Einen heiklen Punkt gibt es aber doch: die Beziehung zwischen De Gasperi und Pius XII. Viele sind nämlich immer noch der Meinung, dass Papst Pacelli dem christdemokratischen Staatsmann keine großen Sympathien entgegenbrachte, ja ihn sogar ablehnte.
Einmal dahingestellt, dass Pius XII. recht autoritär war und das Aufstreben der Kommunisten, mit denen er schon in Deutschland schlechte Erfahrungen gemacht hatte (auf ihr Konto ging die schreckliche damalige Kirchen-Verfolgung) mit Argwohn betrachtete, ist es keineswegs wahr, dass der Papst De Gasperi nicht geschätzt habe. Im Gegenteil: bei mehreren öffentlichen Anlässen zeigte er ihm sogar seine Wertschätzung. Beispielsweise damals, als er De Gasperi zu einer Aufführung von Claudels Mariä Verkündigung in den Vatikan einlud.

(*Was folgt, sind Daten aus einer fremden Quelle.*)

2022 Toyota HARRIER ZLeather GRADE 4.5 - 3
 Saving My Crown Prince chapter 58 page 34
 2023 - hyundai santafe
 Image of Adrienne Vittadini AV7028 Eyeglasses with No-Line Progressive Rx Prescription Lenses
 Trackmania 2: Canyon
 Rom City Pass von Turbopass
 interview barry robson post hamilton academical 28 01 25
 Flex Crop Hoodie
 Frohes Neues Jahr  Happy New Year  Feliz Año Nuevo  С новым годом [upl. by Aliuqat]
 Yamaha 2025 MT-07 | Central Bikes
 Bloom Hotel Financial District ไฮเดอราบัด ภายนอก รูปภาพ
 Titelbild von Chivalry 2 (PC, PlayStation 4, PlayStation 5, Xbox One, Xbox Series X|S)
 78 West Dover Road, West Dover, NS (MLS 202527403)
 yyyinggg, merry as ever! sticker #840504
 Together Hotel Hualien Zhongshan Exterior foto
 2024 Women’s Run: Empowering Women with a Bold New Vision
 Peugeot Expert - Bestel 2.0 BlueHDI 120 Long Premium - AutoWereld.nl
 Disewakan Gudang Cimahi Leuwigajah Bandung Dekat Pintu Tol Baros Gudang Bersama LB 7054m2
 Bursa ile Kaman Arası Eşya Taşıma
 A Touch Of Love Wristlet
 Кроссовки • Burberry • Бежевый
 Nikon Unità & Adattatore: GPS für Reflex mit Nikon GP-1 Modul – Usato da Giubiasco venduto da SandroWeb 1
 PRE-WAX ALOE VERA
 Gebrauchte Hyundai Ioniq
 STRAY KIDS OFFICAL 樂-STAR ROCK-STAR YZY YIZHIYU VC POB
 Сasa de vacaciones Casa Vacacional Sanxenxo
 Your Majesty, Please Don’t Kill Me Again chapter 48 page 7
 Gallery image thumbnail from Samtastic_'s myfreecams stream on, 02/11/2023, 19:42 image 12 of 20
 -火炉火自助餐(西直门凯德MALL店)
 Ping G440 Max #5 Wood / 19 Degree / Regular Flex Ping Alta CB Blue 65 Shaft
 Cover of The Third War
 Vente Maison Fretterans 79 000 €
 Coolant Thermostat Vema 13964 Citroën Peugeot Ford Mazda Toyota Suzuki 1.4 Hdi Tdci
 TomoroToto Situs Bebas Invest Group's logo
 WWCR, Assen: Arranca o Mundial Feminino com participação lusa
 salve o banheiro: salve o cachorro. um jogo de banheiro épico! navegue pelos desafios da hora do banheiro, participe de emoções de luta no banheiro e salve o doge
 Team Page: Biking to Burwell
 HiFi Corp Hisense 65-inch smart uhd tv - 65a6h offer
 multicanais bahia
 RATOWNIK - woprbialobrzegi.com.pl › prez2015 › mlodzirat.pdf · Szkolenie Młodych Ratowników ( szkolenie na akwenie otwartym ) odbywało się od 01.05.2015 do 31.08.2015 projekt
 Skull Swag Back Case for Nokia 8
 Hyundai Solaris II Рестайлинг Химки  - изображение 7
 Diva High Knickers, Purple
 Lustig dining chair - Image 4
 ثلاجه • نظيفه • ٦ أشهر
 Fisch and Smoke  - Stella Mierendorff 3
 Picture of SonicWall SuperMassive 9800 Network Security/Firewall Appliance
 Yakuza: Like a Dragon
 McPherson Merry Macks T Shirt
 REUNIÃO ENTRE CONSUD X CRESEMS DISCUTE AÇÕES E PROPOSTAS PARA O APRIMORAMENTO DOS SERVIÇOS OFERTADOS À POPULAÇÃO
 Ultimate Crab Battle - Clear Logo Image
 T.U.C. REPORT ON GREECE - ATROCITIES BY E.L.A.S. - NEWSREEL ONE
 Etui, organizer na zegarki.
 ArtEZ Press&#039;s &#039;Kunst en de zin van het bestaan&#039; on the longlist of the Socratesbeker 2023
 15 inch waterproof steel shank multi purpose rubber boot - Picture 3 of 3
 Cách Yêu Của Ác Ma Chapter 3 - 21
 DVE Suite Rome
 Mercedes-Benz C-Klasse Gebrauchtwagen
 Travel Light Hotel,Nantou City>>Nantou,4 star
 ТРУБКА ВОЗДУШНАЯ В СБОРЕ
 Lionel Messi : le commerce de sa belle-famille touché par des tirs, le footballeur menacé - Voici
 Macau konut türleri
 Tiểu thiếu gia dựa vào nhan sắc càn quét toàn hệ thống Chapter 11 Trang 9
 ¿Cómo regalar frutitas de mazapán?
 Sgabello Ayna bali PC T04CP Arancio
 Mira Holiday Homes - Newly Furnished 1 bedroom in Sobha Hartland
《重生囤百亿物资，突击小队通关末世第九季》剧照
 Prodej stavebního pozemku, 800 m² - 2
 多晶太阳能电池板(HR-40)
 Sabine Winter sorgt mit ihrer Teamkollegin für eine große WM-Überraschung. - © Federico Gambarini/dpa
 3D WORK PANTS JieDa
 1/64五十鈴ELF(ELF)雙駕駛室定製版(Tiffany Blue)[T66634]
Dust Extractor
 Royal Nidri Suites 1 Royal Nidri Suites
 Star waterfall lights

Mit der Kurie arbeitete De Gasperi gelegentlich, wenn auch nicht häufig, zusammen. Und von Montini (dessen Aktien Anfang der 1950er Jahre im Vatikan noch nicht sehr hoch im Kurs standen) und Msgr. Kaas einmal abgesehen, würde ich nicht von Freundschaft sprechen. Jenen, die ihn zur Zeit der Besatzung beschützten, war De Gasperi dankbar. Man kann aber auch nicht leugnen, dass die Kritik, die die christdemokratische Linke an De Gasperi übte, auch im Vatikan ein gewisses Echo fand.
De Gasperi war ein einzigartiger Mensch. Aber was bleibt von ihm? Vor allem sein bewundernswerter Weitblick, seine Fähigkeit, sich nicht zufrieden zu geben, zu erkennen, dass der Horizont weiter wurde. Die Globalisierung war zu seiner Zeit noch kein Thema, und doch hat ihn sein multikultureller Werdegang zu einem der entschlossensten Verfechter der Idee eines Vereinten Europa werden lassen. Er war ein Mann, der wusste, dass der Frieden nur in einem Bereich Bestand haben würde, der über den traditionellen Bereich der Beziehungen zwischen den einzelnen Staaten hinausging. Er hatte geahnt, dass man über jenen Nationalismus hinausgehen musste, der doch die Grundlage für die Schaffung vieler europäischer Staaten gewesen war.